Payment processing companies provide the full service to allow merchants to accept credit cards or debit cards. Some of the more advanced payment processing companies allow processing with multiple currencies, cryptocurrencies, PayPal, and other progressive payment methods.
Payment processing companies in the value chain
There are many names that payment processors are sometimes called generically such as acquirers, aggregators, merchant service providers, processors, payment providers, and several others. Although it’s a simplified version, the key players in the value chain are shown in the image below.
Payment processors are generally thought of as the service provider, depicted next to the merchant below. Payment processors are the ones that work directly with the merchant to set up their payment processing account. The service provides provides the sales and support of all software and hardware needed for payment processing.
Technically, the acquirer takes on the risk for a merchant account, but the service provider is the one who interacts with the merchant. It is possible that the acquirer is both the service provider and the acquirer. In this case, the merchant interacts with the acquirer. The level of service should not be impacted if the service provider and acquirer are combined.
Acquirers take risk in credit card processing. When we refer to “risk” in payment processing, it means the risk that a credit card payment has been made, but the merchant is unable to deliver the product or service.

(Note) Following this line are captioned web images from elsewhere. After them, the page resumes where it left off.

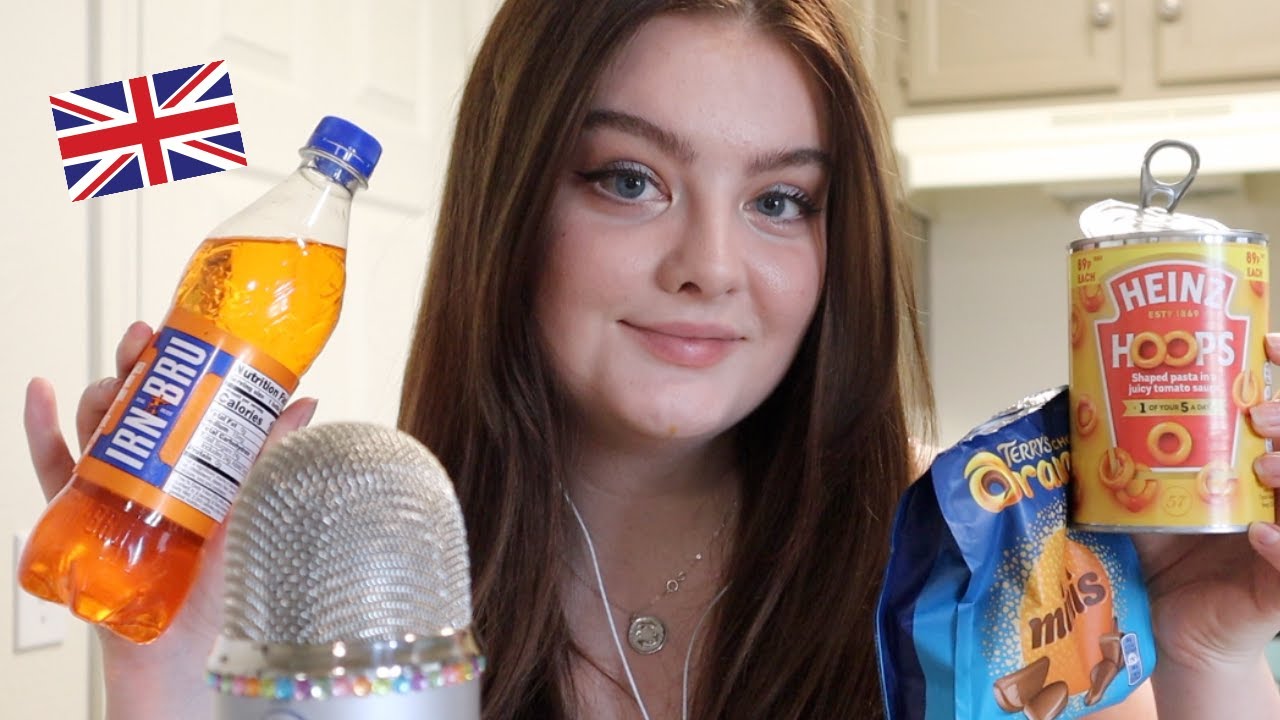 ASMR Mukbang | Trying British Snacks 🇬🇧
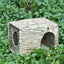 Natural Grass Rabbit Hideout | Handwoven Foldable Bunny House for Small Pets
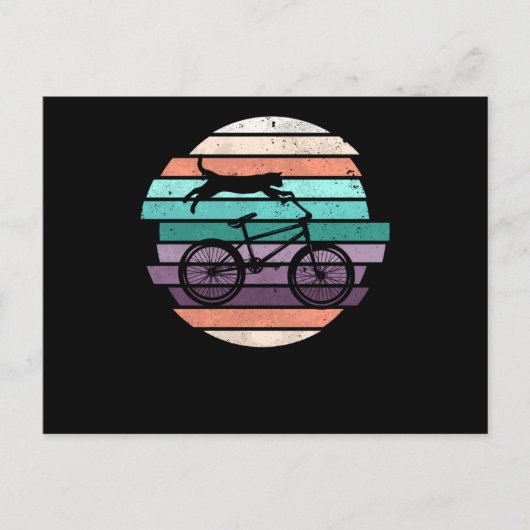 Fahrradfahrer Postkarte (Vorderseite)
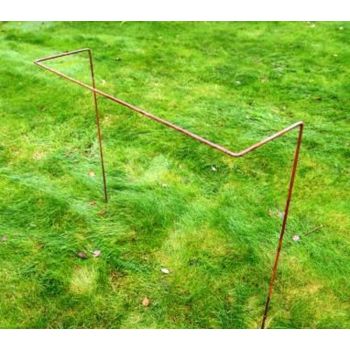 30 Inches Straight Border Support Rust (Pack of 4) - Steel - L20.3 x W76.2 x H86.4 cm - Bare Metal/Ready to Rust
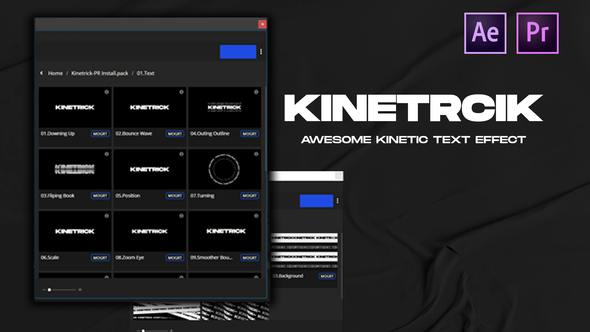 Kinetrick Text Effect - 34112619 Download Videohive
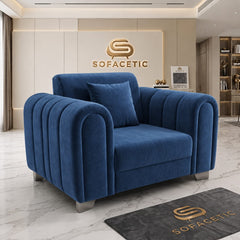 Lilly Plush Velvet Fabric Luxury Sofa Set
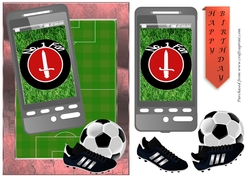 Football  Phone Card for Charlton Athletic Fan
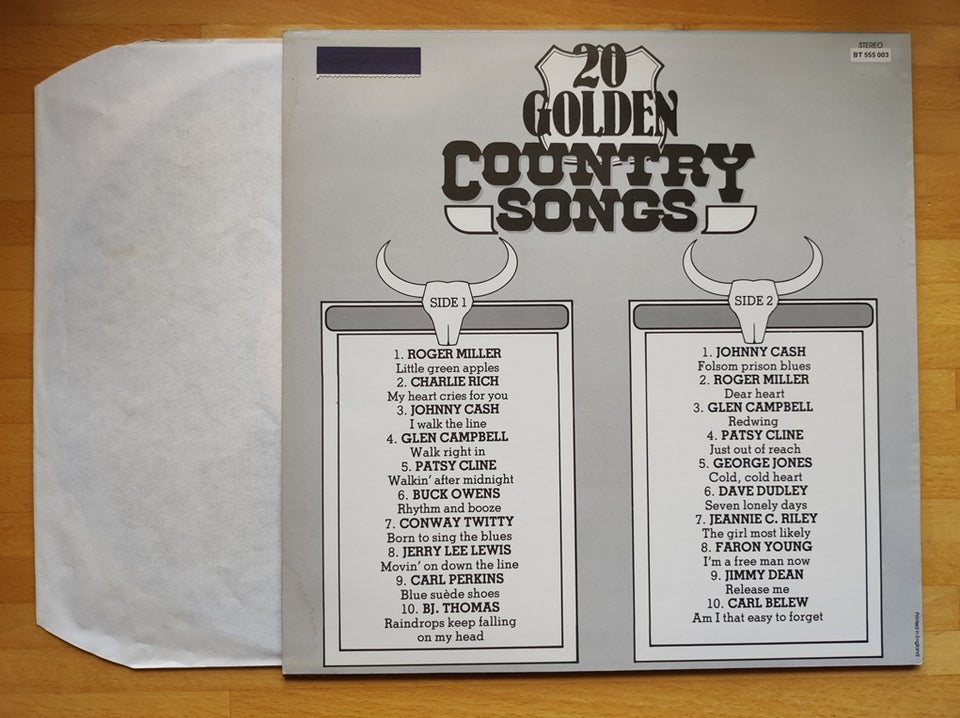 LP, 20 Golden Country Songs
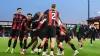 Bournemouth players celebrate winning the penalty shoot-out (Adam Davy/PA)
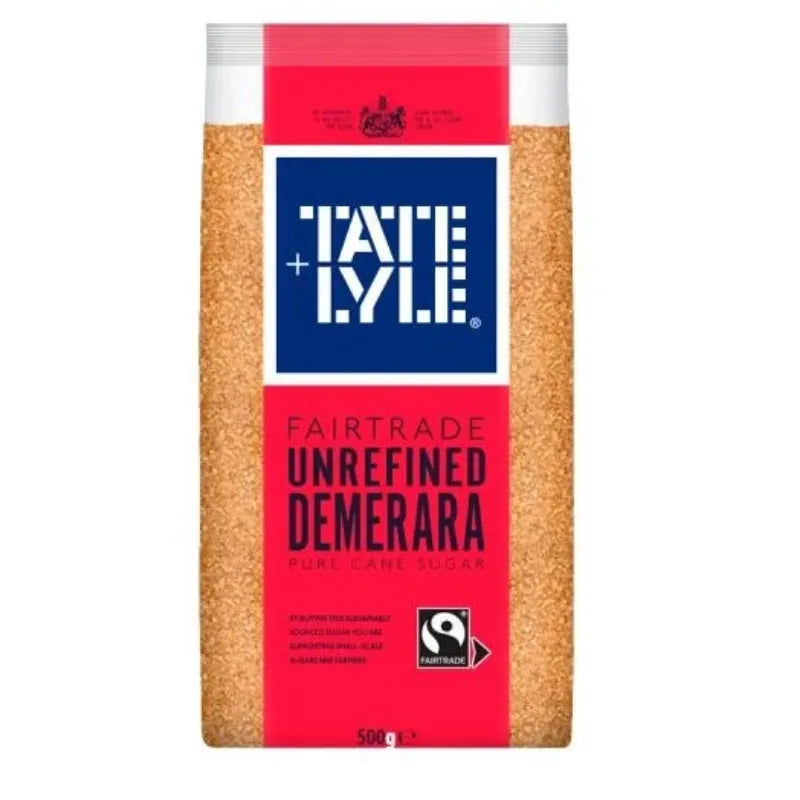 Tate Lyle Unrefined Demerara Pure Sugar Cane-500 grams-Global Food Hub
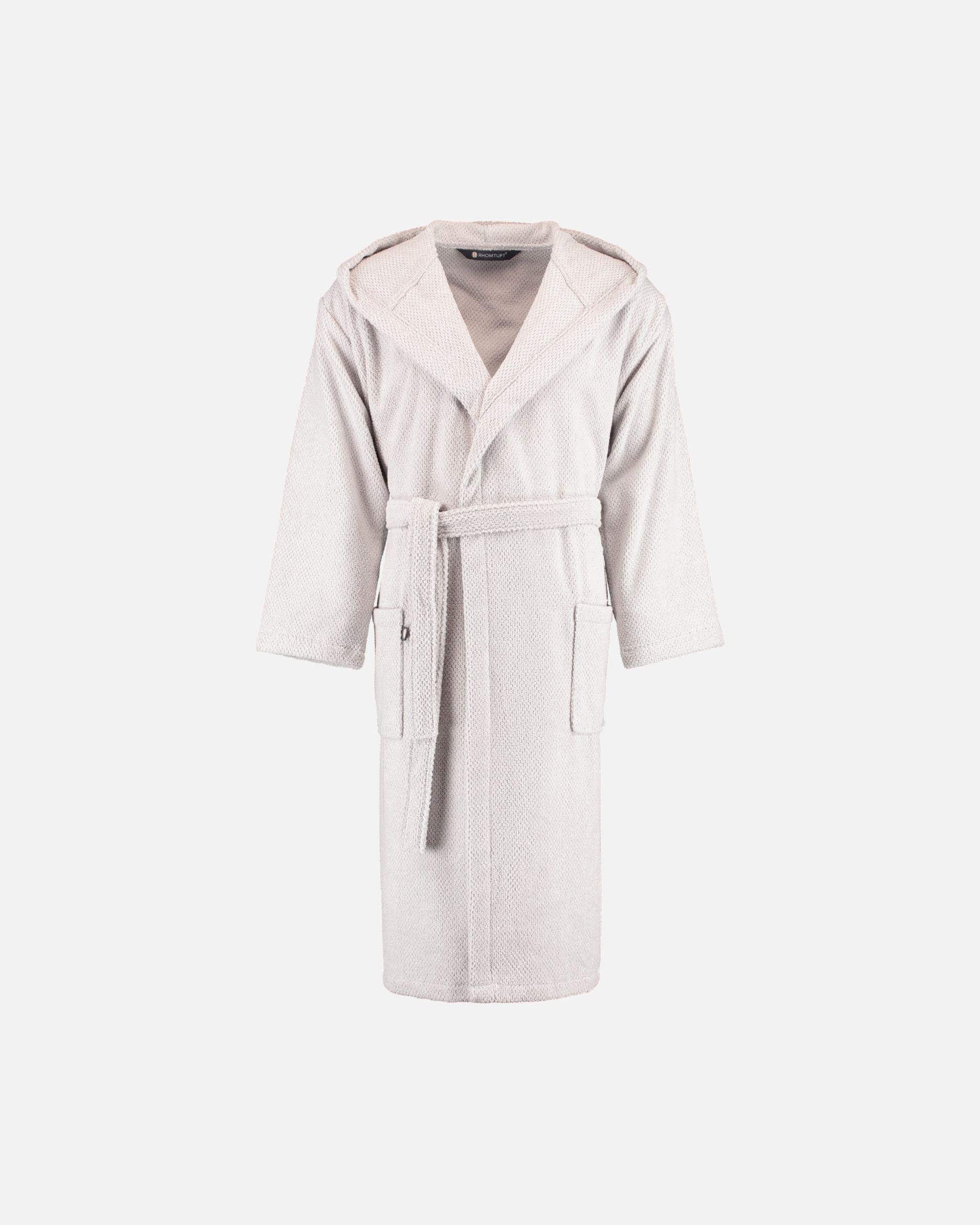 Bademantel für Unisex Rhomtuft Rhomtuft Bademäntel unisex Kapuze Baronesse perlgrau - 11 L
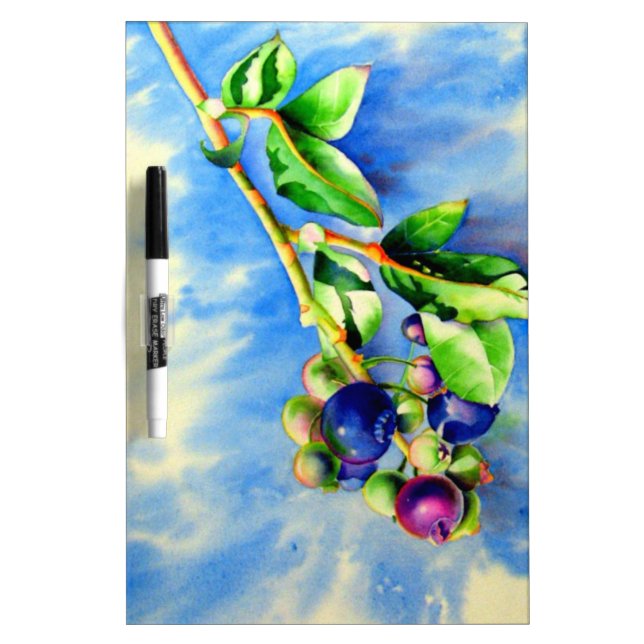 Blueberries Dry-Erase Board (Front)
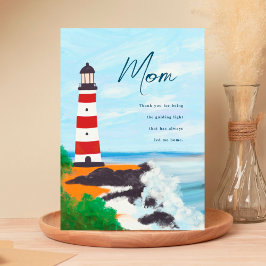 Cartão Farol de Dia das Mães Saudação Personalizada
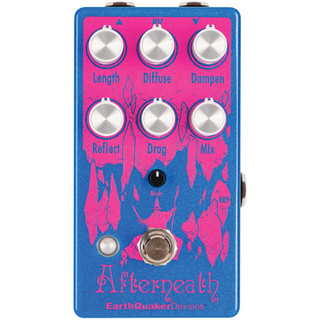 EarthQuaker Devices Limited edition Afterneath V3 Blue and Magenta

When this occurs, the consumer will get their money back from the processor. If the merchant is unable to then pay the payment processor back, possibly because they went out of business, the acquirer has to pay the funds. That is the risk.
Choosing the best payment processing company
There is an incredible variety of payment processors. If you’re looking for a payment processor, there is no shortage of options. The amount that people spend using credit cards in North America is over $3 trillion. Payment processing is a huge industry so there are many players.
To keep things simple, there are two main buckets of payment processors. You can go with an aggregator or you can go with a merchant account provider. Based on the characteristics below, you can choose the best option for you.
- Simple to sign up for and it only takes minutes.
- You are automatically combined with many other businesses to share a merchant account.
- There is generally a higher likelihood of your funds being held.
- You will generally get less personalized and lower amounts of customer support.
- Fees are overall cheaper when processing few transactions that are a large size.
- Generally best for small businesses doing less than $100,000 per year.
- Examples are Stripe, Square, PayPal, etc.
Merchant Account Providers
- Takes a day or so to get approved and set up to go.
- There are lower fees relative to aggregators the higher the amount you process.
- You will likely get higher levels of personalized and accessible customer support.
- You will get more options and flexibility in the choice of payment software and hardware.
- Generally best for businesses selling $100,000 per year or more and medium to large businesses.
- Examples are Clearly Payments, Moneris, Chase, etc.
Overall, choosing the best payment processor depends on your monthly processing amount and depends on your priorities for customer support and software/hardware needs. When you are signing up, make sure you look into the overall effective rate you will pay and ensure you are not locked into a term.